» HOW TO COMPLETE THIS TASK
Each entry below must be written out exactly, with pictures left out.

Pictures with short captions:
○ ○ ○ ○
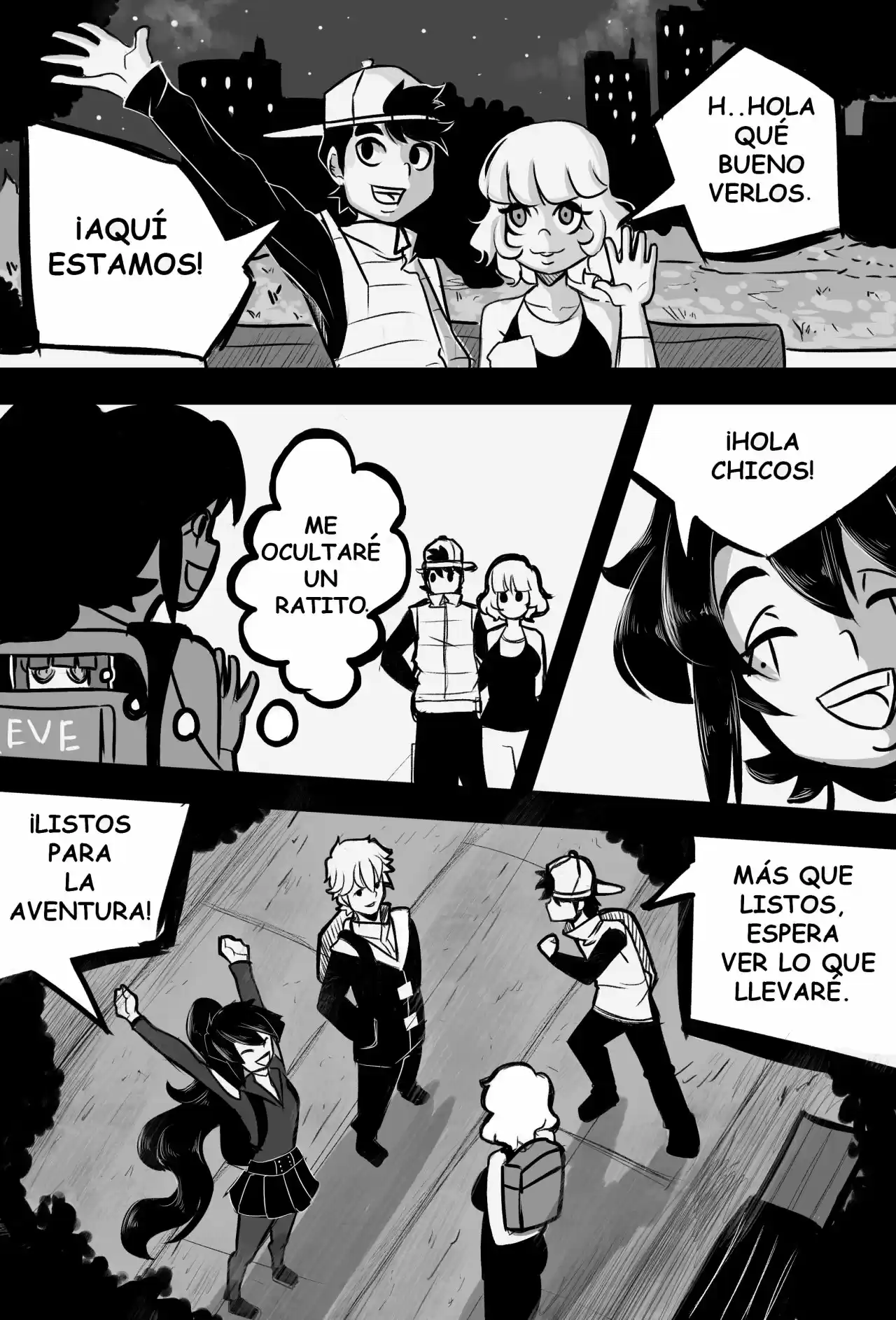 La Tenebrosa Evelyne - Capítulo 8 - Página 8 - LectorTMOo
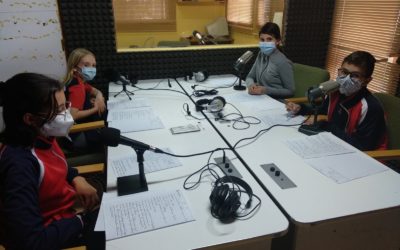 Salesianos Ibi lanza sus nuevos podcasts escolares protagonizados por alumnos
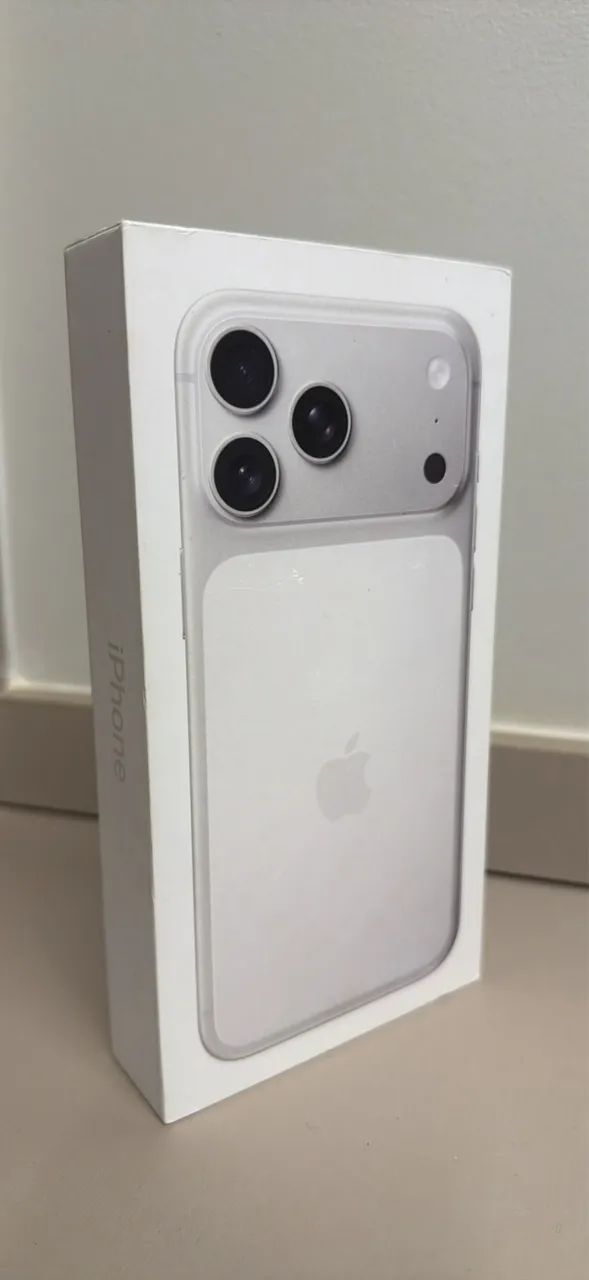 iPhone 17 Pro Max 256GB lacrado 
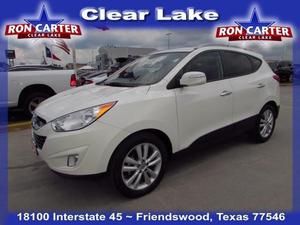  Hyundai Tucson Limited For Sale In Friendswood |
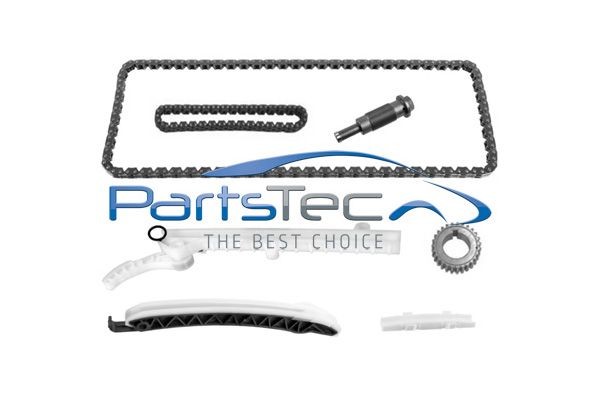 PartsTec Sada rozvodovej reťaze PTA114-0262 PartsTec PTA114-0262 Riadiaca retaz Mercedes X253 cena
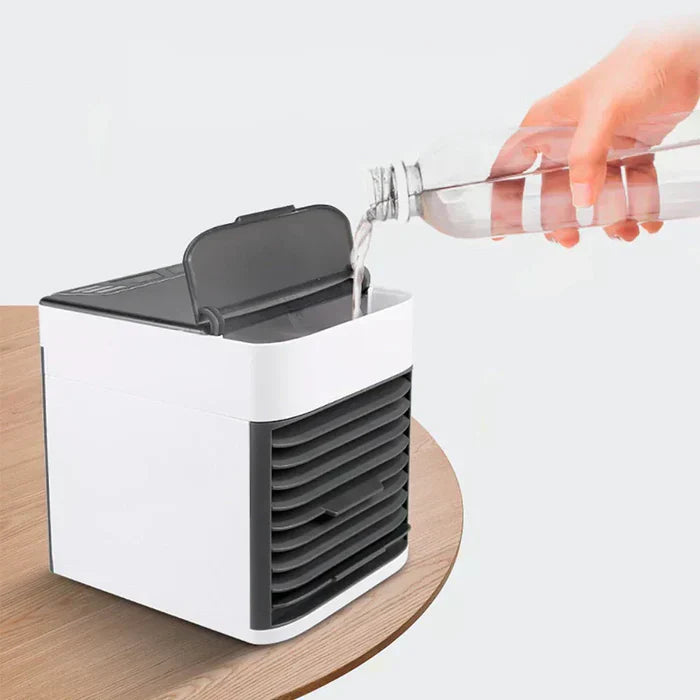 KlimaMini Luftkühler Tragbar 3in1 Ventilator USB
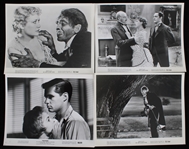 1960-1972 Psycho and Dr. Jekyll and Mr. Hyde 8"x10" B&W Photos (Lot of 4)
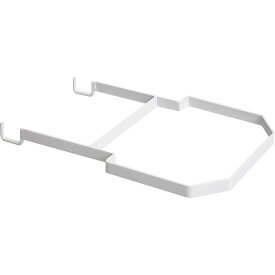 2段用リング金具シロ/170-2759-2【01】 花器、リース フラワースタンド その他アイアンスタンド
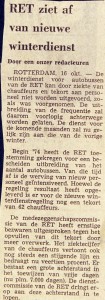 19741016 Geen nieuwe winterdienst. (NRC)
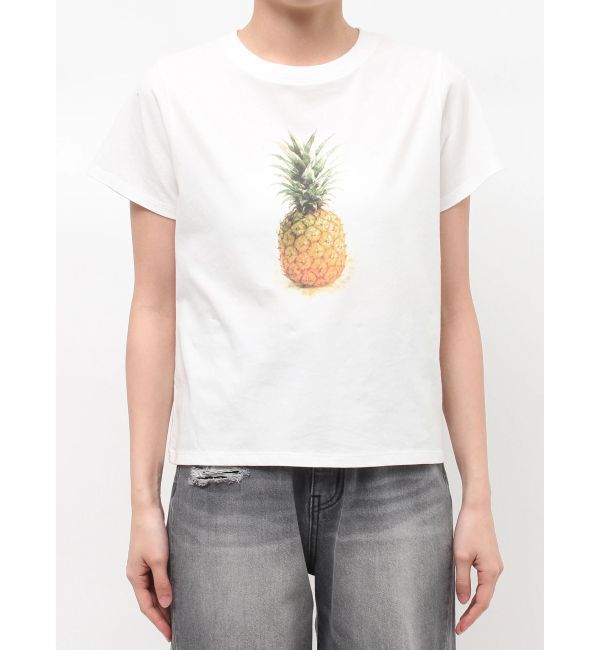 LAGUNAMOON「フルーツコンパクトTシャツ」|Tシャツ・カットソー|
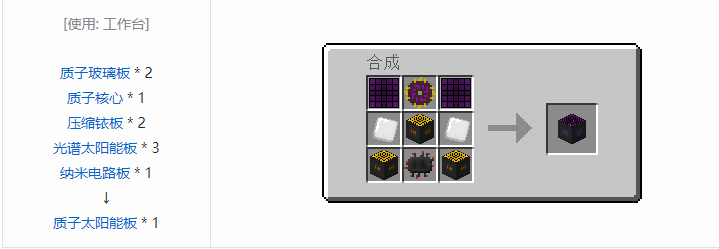 我的世界工业升级合成表大全2026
○ ○ ○ ○
» REPLY
 La Tenebrosa Evelyne - Capítulo 8 - Página 8 - LectorTMOo
 Salesianos Ibi lanza sus nuevos podcasts escolares protagonizados por alumnos
 iPhone 17 Pro Max 256GB lacrado 
  Hyundai Tucson Limited For Sale In Friendswood |
 PartsTec Sada rozvodovej reťaze PTA114-0262 PartsTec PTA114-0262 Riadiaca retaz Mercedes X253 cena
 KlimaMini Luftkühler Tragbar 3in1 Ventilator USB
 1960-1972 Psycho and Dr. Jekyll and Mr. Hyde 8"x10" B&W Photos (Lot of 4)
 2段用リング金具シロ/170-2759-2【01】 花器、リース フラワースタンド その他アイアンスタンド
 19741016 Geen nieuwe winterdienst. (NRC)
 LAGUNAMOON「フルーツコンパクトTシャツ」|Tシャツ・カットソー|
 我的世界工业升级合成表大全2026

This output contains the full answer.